Two weeks into it’s 6 week run The Maverick Theater’s production of “The Count of Monte Cristo” is an enjoyable performance of this classic tale. A professional cast and mostly good direction by Nathan Makaryk guide the performance in an easy to follow telling of the complex story.
The Maverick always does a good job of guiding the audience into the story. The large dining/drinking area is a nice place to wait for the play to begin, and then the MC introduces the show, and you see that the play has already begun.
Edmund Dantès (Michael Keeney) is wrongly imprisoned on the day of his wedding to the lovely Mercedes (Dolores Kimble). The story is told through flashbacks, which are done in such a way as to not detract from the time period of the play. Much of the history is given in compacted form and you are able to focus on the turmoil that happens later in the play.
Dantès is determined to repay the men who conspired to put him in prison, Danglars (David Chorley), Villefort (Scott Keister) and Mondego (John Brennan) who have all benefited through their treachery and attained positions of wealth and prestige.
At some point you may feel like most of the play is spent on the giddy exuberance of watching years of planning culminate in the terrible vengeance that is exacted down upon the envious and jealous villains like the profound and unforgiving weight of Thor’s hammer. But you would be wrong.

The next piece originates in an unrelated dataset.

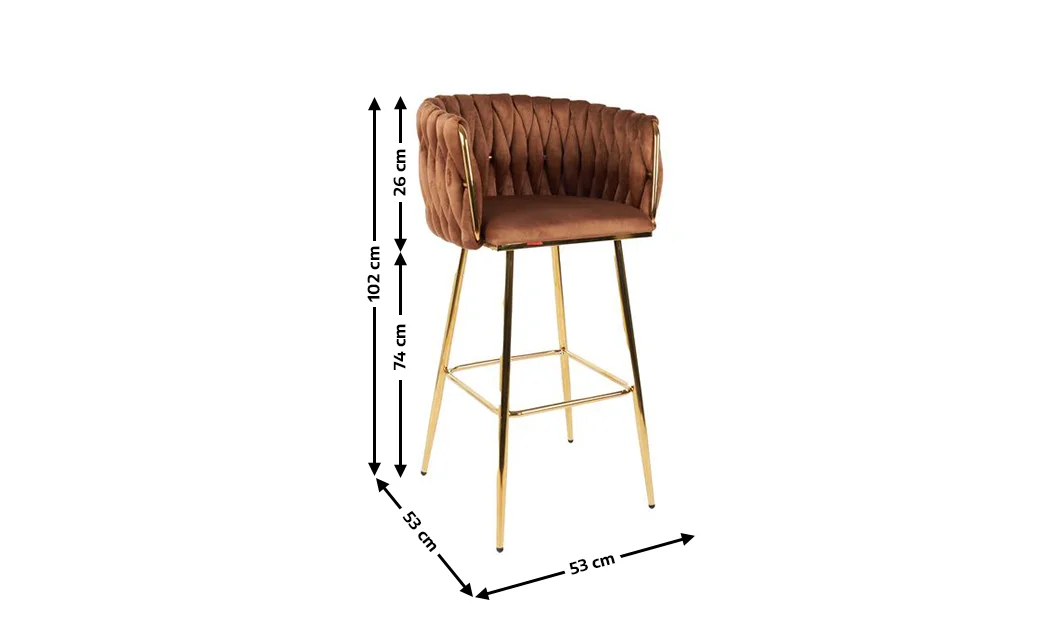 Scaun Bar KJC365 Maro & Picioare Aurii 1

There is more to it. The moving score and sound effects set the mood and hint at something deeper. Edmund revenge plot catapult him upon the French Aristocracy social scene just as it is having an identity crisis with the phenomenon of “new money” during the Napoleonic Wars. In some ways the story is a small version of the conflict between those who came to power through conquest and those who came to power through commerce. The play is an adaptation by Charles Morey.
All through the play we see the theme of the lives that are ruined when one man preys on another. The layers are pulled back one by one as the crimes are revealed and each new layer uncovers another tragedy. Edmund’s fiancée Mercedes says, “I live between two graves.”
Although the story is complex the stylized characters help keep personal intentions distinct, even through the very active sword fights and other action scenes. The lighting effects are mostly spot on but in some parts leave you wondering what you are not supposed to see. The lead actors give solid performances and keep the story moving but several others stand out such as Karen Harris as Madaame de Villefort and Ryan Murphy as Benedetto. It is an enjoyable and thrilling performance.